**Your goal**
Below are the records; copy exactly the stretch from the line containing "Plan napoléonien, feuille" through the line containing "De vidrio templado Ingredientes en la cocina", both ends included, and nothing else.

**Materials provided**
'''

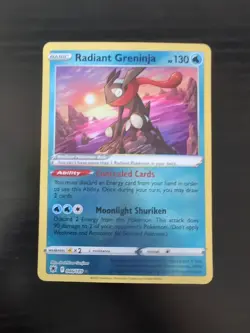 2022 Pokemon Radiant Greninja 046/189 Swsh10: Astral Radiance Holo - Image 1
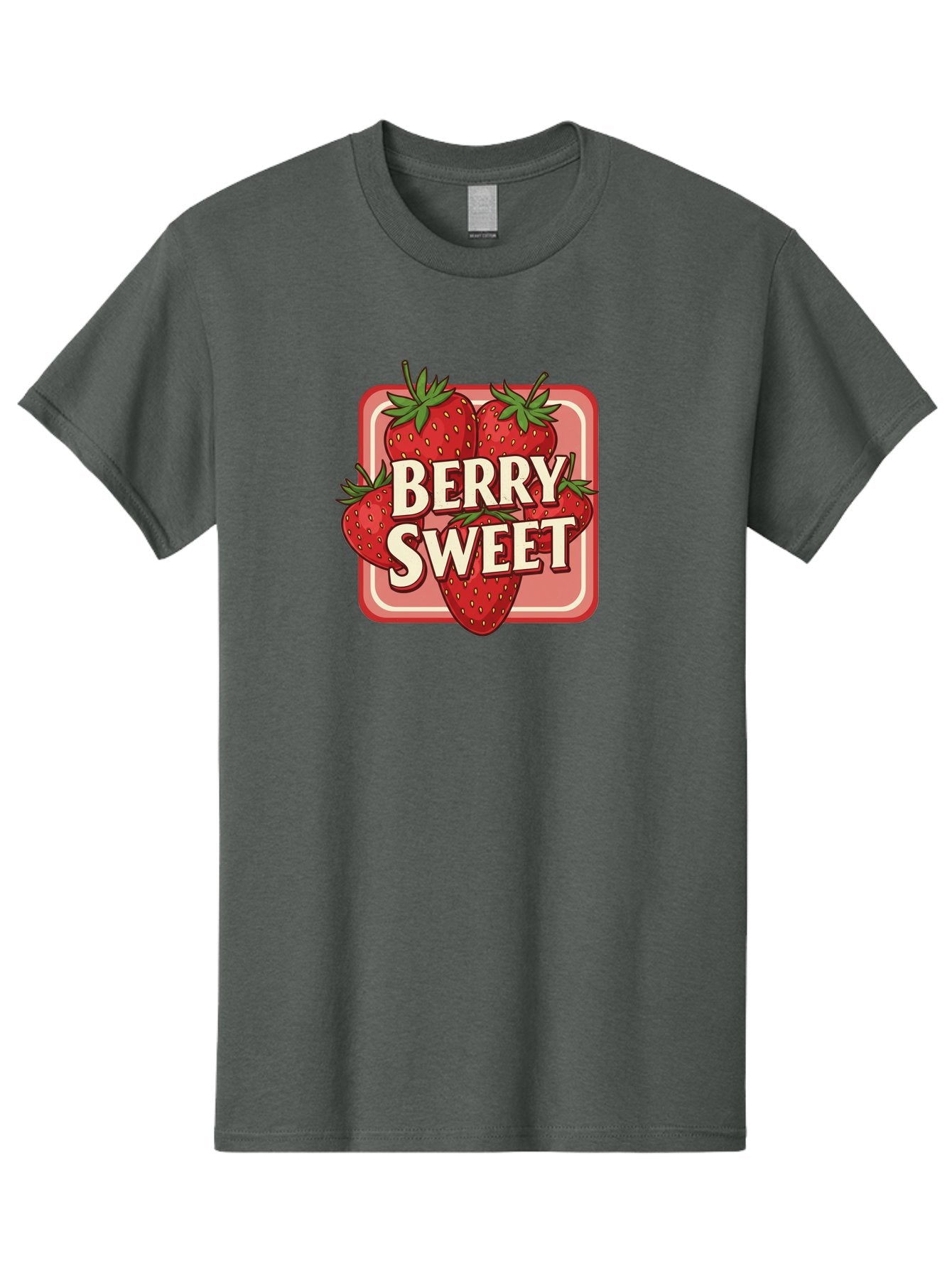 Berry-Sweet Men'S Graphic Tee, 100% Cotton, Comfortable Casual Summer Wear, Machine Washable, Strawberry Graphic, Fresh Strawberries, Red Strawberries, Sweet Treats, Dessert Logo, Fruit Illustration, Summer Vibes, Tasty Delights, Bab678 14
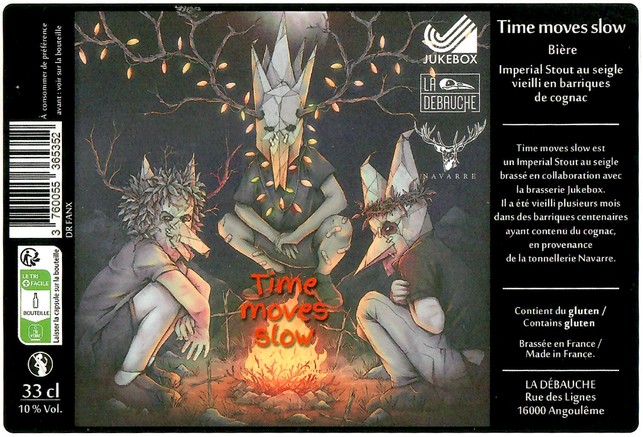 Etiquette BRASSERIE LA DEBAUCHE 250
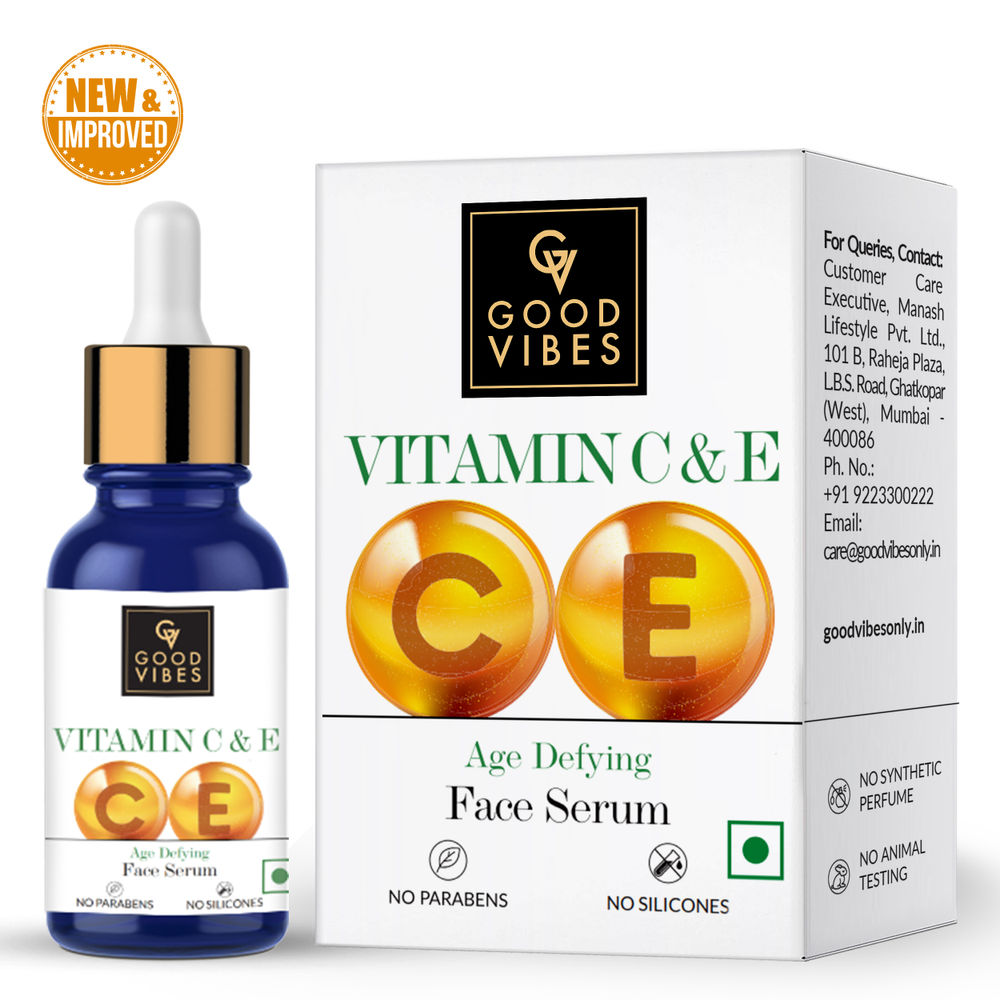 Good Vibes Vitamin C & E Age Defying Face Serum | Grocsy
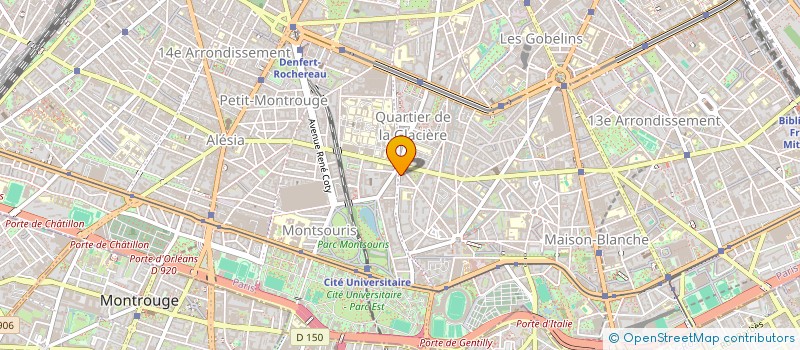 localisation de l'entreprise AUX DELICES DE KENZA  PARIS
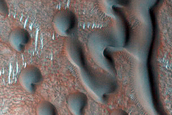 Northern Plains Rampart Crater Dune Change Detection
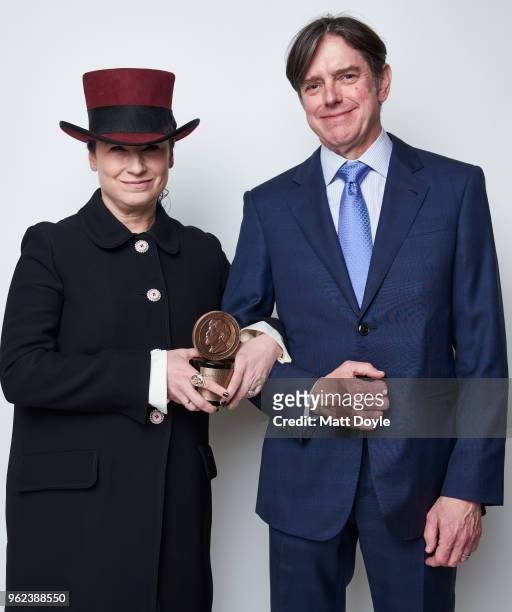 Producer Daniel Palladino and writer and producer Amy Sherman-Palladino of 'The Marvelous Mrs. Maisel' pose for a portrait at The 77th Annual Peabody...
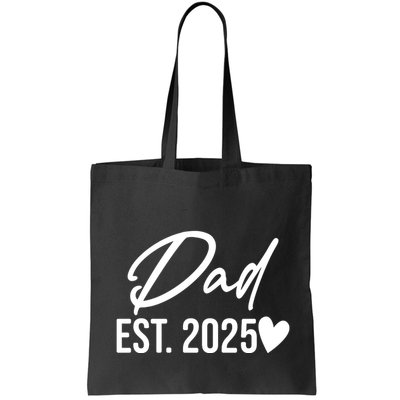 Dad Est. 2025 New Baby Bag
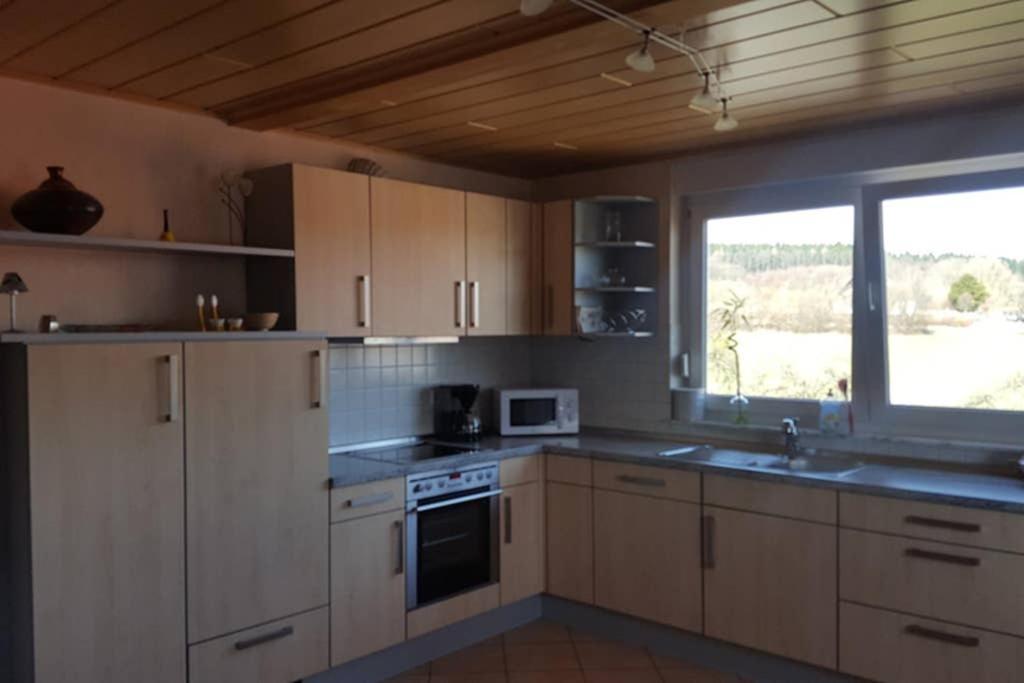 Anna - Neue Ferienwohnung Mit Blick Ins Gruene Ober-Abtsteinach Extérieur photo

'''
'''

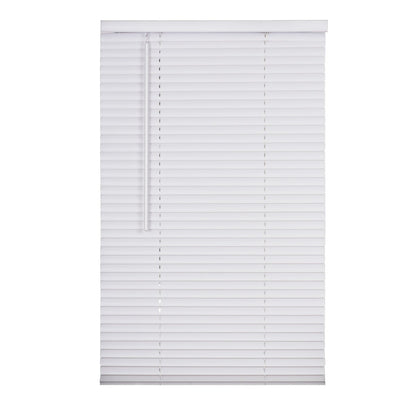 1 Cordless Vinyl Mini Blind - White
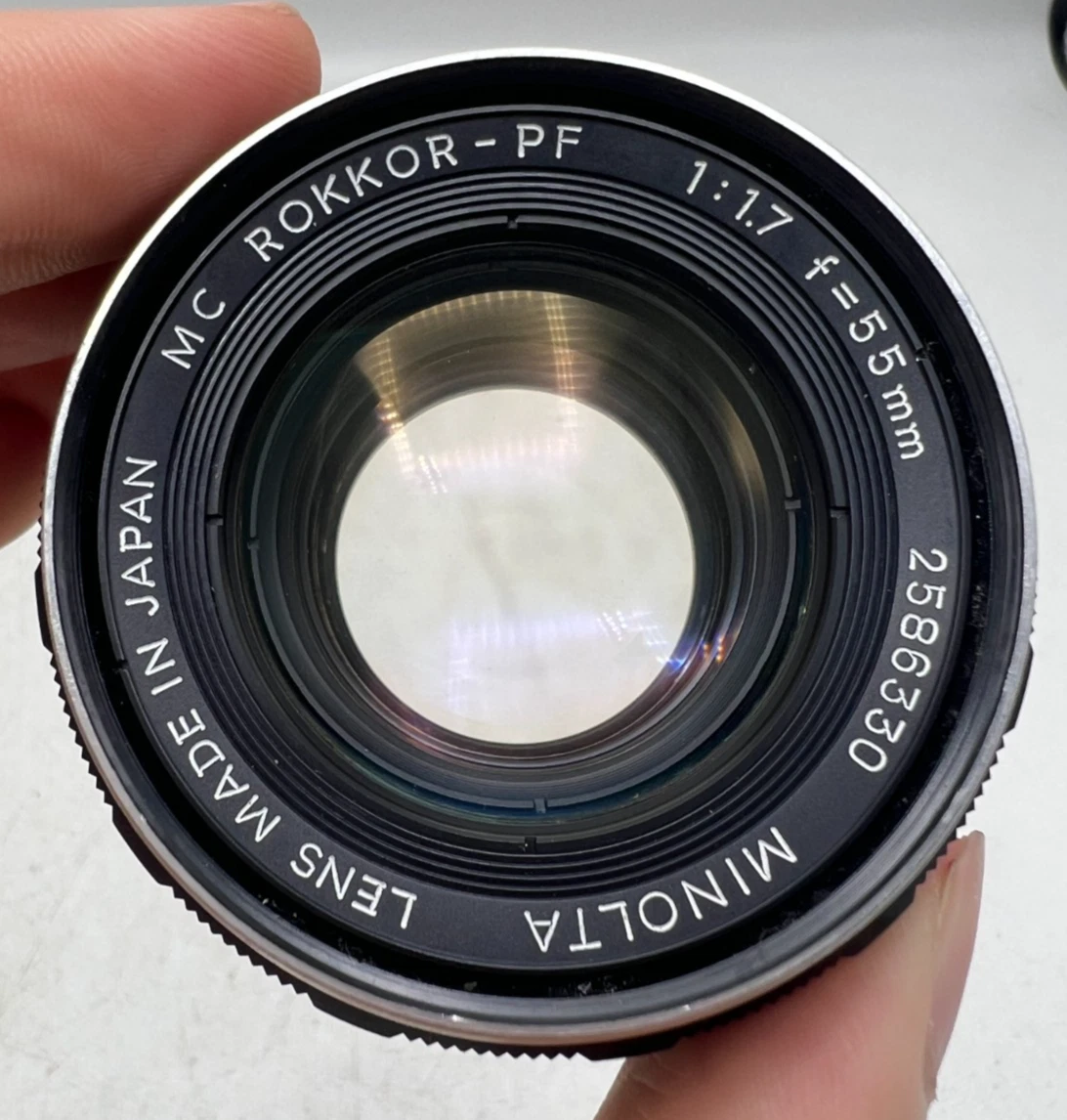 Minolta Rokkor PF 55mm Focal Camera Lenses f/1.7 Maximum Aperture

'''
'''

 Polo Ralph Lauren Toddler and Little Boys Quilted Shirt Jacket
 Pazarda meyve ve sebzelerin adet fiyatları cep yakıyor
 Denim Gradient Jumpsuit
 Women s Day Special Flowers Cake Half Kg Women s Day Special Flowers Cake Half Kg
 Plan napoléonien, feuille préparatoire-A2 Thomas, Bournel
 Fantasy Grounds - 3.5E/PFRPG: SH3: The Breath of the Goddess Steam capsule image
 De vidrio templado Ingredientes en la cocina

'''

**Solved problem**
 Plan napoléonien, feuille préparatoire-A2 Thomas, Bournel
 Fantasy Grounds - 3.5E/PFRPG: SH3: The Breath of the Goddess Steam capsule image
 De vidrio templado Ingredientes en la cocina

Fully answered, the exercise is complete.